** Opening INPUT RECORDS block **

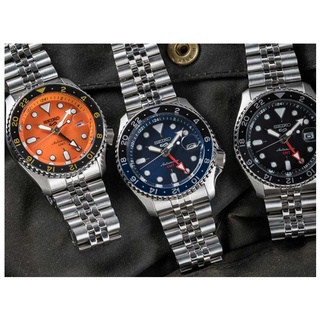 SEIKO 5 Spots GMT Automatic รุ่น SSK001K,SSK003K,SSK005K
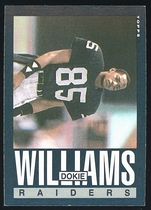 1985 Topps Base Set #298 Dokie Williams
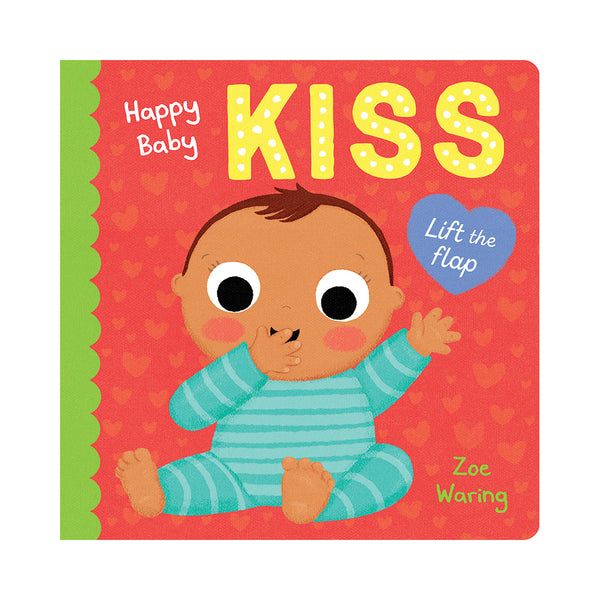 Happy Baby Kiss Book Mastermind Toys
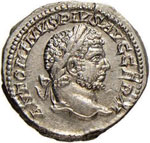 Caracalla (198-217) Denario - C. 139; RIC ... 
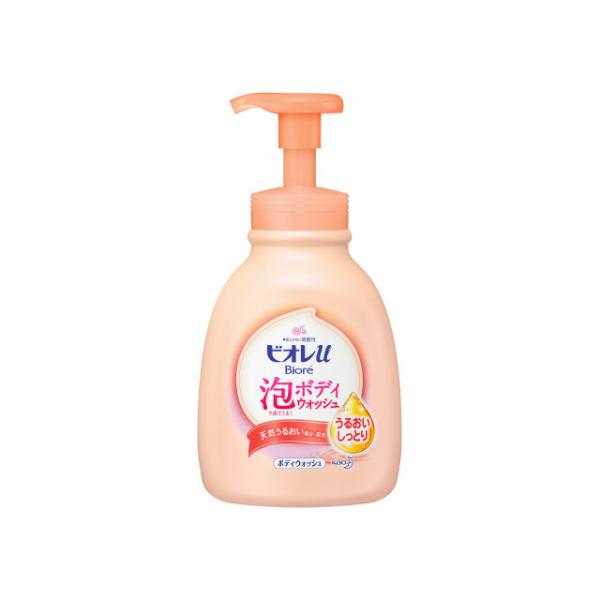 花王 ビオレu 泡で出てくるボディウォッシュ うるおいしっとり 600ml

** Closing INPUT RECORDS block **

• EXERCISE DESCRIPTION:
Please set down, exactly and with nothing added, the lines from the line with "Caracalla (198-217) Denario" to the end of the entries above, omitting pictures.

• EXERCISE SOLUTION:
 Caracalla (198-217) Denario - C. 139; RIC ... 
 花王 ビオレu 泡で出てくるボディウォッシュ うるおいしっとり 600ml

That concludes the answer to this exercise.